愛する女性の死をきっかけに釧路にやって来た弁護士・完治が、それから25年後、過去の事件と同様に罪を犯した女性・敦子の弁護を再び引き受けようとする姿を描いた北海道出身の直木賞作家・桜木紫乃原作小説の映画化。
監督は「深呼吸の必要」などの篠原哲雄。

佐藤浩市と本田翼共演のヒューマンドラマ。
本田翼の演技は本作で初めて観たが、演技の事など全く分からない素人目線からしてもその棒読み具合が酷いと思えるほどのクオリティだった。
佐藤浩市の台詞量と本田翼の台詞量とはその差が2倍近くはあろうかというくらいで、安定の演技で深みを感じさせる佐藤浩市に対し、長台詞になると観ているこちら側まで不安になってしまうような本田翼のぎこちない演技が、映画の内容とは関係無い部分で目に付き過ぎる為集中できないという事態が起きていた。

若き日の佐藤浩市と尾野真千子との出会いと別れを描く前半は、役者の顔面をこれでもかとどアップで映し、しかもモノクロ映像で尾野真千子がこちらに向かって語りかけてくるので、プレミアムモルツのCMを観ているかのようだった。
それから舞台は現代に移るが、本田翼が登場した辺りから露骨に映画がチャラ付き始める。
ヤク中の彼氏を探すキャバクラ嬢という設定で、完治の懐に入って来る速度が早過ぎる事や、若干の育ちの悪さと図々しさを感じさせる痛々しいほどの若さの表現としては無礼気味な言葉遣いもまぁ可愛げがあると思える。

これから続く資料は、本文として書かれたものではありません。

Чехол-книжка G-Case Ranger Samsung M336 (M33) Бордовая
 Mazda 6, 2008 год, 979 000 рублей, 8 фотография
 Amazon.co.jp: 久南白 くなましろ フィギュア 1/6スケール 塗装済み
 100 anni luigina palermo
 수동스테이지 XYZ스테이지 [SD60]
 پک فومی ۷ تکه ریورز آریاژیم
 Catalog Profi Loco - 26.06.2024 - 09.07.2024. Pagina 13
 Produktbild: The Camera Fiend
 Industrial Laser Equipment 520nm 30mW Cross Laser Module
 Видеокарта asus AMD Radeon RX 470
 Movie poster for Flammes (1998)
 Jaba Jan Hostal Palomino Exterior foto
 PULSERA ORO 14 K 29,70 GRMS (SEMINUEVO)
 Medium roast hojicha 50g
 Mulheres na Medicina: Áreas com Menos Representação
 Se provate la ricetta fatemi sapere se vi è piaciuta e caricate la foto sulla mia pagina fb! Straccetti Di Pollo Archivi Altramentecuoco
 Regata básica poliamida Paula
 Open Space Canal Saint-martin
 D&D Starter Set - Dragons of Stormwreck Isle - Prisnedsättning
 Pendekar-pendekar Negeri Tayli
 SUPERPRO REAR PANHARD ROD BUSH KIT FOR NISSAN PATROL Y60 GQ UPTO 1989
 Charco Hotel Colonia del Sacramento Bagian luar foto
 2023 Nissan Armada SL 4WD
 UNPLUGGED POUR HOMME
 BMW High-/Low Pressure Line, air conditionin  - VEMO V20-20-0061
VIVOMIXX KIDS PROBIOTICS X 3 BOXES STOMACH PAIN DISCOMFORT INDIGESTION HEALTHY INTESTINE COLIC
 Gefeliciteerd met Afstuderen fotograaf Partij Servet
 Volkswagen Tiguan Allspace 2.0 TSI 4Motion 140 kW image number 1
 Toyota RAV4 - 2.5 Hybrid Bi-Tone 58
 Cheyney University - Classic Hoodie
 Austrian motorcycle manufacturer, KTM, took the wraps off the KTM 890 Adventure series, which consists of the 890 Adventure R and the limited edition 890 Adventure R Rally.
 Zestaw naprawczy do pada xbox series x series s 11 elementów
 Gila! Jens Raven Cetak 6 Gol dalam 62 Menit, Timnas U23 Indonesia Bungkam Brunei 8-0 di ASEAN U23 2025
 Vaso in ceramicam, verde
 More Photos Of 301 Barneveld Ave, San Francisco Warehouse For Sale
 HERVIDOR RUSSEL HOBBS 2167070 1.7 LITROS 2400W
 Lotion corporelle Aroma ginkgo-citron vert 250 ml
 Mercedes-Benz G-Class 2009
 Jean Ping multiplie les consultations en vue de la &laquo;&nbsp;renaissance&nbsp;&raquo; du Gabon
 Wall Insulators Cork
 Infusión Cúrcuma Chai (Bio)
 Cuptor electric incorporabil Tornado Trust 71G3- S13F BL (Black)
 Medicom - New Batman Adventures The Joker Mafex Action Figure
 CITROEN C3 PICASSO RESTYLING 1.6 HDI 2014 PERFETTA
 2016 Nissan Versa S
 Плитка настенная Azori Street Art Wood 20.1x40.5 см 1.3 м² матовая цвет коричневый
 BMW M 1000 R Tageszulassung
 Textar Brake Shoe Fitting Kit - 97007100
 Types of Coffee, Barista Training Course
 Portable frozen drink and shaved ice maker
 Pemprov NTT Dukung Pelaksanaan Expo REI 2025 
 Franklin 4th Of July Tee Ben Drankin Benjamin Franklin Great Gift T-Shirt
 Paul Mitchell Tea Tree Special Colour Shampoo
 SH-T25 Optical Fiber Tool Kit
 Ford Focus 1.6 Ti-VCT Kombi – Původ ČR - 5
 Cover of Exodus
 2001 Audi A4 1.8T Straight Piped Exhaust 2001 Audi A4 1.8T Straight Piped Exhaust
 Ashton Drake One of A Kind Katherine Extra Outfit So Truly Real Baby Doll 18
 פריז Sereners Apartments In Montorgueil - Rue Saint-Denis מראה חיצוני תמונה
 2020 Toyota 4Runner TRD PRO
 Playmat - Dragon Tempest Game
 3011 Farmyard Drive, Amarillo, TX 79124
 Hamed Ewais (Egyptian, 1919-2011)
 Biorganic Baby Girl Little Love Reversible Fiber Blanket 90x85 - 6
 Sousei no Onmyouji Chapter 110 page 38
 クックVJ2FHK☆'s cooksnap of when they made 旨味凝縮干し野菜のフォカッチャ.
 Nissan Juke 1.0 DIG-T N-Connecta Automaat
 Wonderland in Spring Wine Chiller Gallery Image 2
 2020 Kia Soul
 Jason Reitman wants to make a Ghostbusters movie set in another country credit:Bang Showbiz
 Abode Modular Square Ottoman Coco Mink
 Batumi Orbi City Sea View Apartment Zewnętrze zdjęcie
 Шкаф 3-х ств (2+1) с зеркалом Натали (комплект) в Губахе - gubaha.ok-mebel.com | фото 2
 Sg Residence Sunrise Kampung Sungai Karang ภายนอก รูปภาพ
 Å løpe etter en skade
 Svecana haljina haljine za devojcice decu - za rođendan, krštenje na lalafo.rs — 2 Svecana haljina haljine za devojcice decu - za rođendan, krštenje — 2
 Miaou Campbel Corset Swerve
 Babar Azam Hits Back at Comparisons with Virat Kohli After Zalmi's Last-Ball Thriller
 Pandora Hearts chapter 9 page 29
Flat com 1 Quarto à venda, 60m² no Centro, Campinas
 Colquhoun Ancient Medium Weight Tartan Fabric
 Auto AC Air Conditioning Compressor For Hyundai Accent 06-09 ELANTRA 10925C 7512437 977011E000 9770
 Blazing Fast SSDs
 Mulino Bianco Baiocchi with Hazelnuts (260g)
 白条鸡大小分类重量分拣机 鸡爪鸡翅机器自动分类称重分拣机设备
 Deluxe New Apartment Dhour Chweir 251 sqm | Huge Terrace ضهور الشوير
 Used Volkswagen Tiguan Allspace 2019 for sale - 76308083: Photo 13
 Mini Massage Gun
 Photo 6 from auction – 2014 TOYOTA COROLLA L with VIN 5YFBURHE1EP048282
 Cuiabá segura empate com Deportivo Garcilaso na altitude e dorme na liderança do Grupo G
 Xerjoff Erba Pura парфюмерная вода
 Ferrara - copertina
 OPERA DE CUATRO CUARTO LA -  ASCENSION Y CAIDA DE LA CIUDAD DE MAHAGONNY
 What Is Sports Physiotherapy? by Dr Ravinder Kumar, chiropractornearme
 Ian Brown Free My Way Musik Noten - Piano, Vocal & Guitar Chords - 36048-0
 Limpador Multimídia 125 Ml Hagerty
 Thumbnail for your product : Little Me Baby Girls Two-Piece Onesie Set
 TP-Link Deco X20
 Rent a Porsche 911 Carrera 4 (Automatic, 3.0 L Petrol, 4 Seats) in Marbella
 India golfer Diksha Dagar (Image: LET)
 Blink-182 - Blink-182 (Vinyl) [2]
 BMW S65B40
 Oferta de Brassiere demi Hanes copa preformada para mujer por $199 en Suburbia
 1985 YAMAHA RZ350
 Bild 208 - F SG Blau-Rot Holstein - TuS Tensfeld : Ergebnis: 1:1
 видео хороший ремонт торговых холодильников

ただ、どうしても演技面での話にはなってしまうが、彼女の割と重めな設定が本田翼が演じる事により全く重さが感じられないものになってしまっていた。
明るめな場面ではいつも同じような笑顔、深刻な場面ではこれまた同じように俯いた顔とバリエーションが無さ過ぎて声にも抑揚がなく常に平坦だった印象。
役柄の重さを受けきれるだけの魅力があったかと言えば、確かに可愛いが、ただ可愛さだけが前面に押し出されていて当たり前だが尾野真千子ほどの情感も深みも感じられなかった。

本田翼が押しかけ女房みたいな役柄だったなら、もっと佐藤浩市との関係性に微笑ましさを感じられたのだが、そうなると彼女のキャラクターからして更に鬱陶しくなってしまうので、佐藤浩市の方が料理が上手くそれに習う形になっているのは賢明な判断かと思われる。
佐藤浩市の主婦顔負けの家事力に感心した本田翼が彼をお父さんに向けるような視線で見つめている姿はやはり可愛いし、上目遣い等に父性を刺激されてしまう部分があった。

唐揚げもといザンギが非常に美味しそうでお腹が鳴ったし、冷やし中華やイクラ丼がまた旨そうに撮られていて食欲をそそる。
それを食べる本田翼のアップになるとやはり不安を感じずにはいられないが、イクラ丼を涙目でかきこむ佐藤浩市の演技には思わずグッと来てしまう映画だった。